Here's a fun set of graph. Plagiarized from "Diabetes Mellitus: A Fundamental and Clinical Text 3rd Edition".
BTW, in case you guys haven't figured it out, I love graphs.
It shows different regimes that have been popular or at least used over the years.
First three graphs are not really basal+bolus centered:
R+N once a day. Note that the very large NPH dose lasts a long time.
R+N twice a day. Note that the smaller NPH dose lasts a shorter time.
Lente + a fast acting analog insulin with each meal. Note that Lente definitely does not stretch the way NPH does. I haven't seen Lente or Ultralente in a long time. This IMHO is not basal+bolus, the Lente just doesn't work like a basal.
Fourth graph actually begins to have the basal+bolus concept. NPH twice a day plus fast acting with each meal. IMHO this is just sort of the bare minimum in basal+bolus.

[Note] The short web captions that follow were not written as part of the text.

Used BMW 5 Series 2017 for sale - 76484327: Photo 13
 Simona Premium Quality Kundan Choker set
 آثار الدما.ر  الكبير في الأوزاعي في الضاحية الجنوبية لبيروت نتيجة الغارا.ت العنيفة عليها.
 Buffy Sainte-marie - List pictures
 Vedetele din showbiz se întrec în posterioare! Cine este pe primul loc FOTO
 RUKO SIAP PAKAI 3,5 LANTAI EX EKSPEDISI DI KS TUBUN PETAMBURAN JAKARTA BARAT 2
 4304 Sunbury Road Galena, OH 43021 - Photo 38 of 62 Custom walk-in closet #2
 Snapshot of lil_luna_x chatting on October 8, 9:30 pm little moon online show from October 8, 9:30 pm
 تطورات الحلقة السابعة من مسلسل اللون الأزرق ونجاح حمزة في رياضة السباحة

Fifth graph is NPH 4 times a day with a fast acting 3 times a day. This is similar to what I did for a couple of decades (where "fast acting" was regular). Works pretty good IMHO, because each individual NPH dose is small and the additive curves of all 4 NPH shots is really quite flat in a highly consistent way.
I think graphs 6 is fast acting in a pump. A 7 shows more modern (say post-2000) MDI routines with analogue insulins for both basal and bolus. Note the inaccurate mythology that lantus or levemir is perfectly flat. Not true!!!!!!
Graph 8 shows what I've heard some folks here talk about, 3 different insulins, with a NPH as a "kicker" in the evening maybe to help work against dawn phenomenon over night.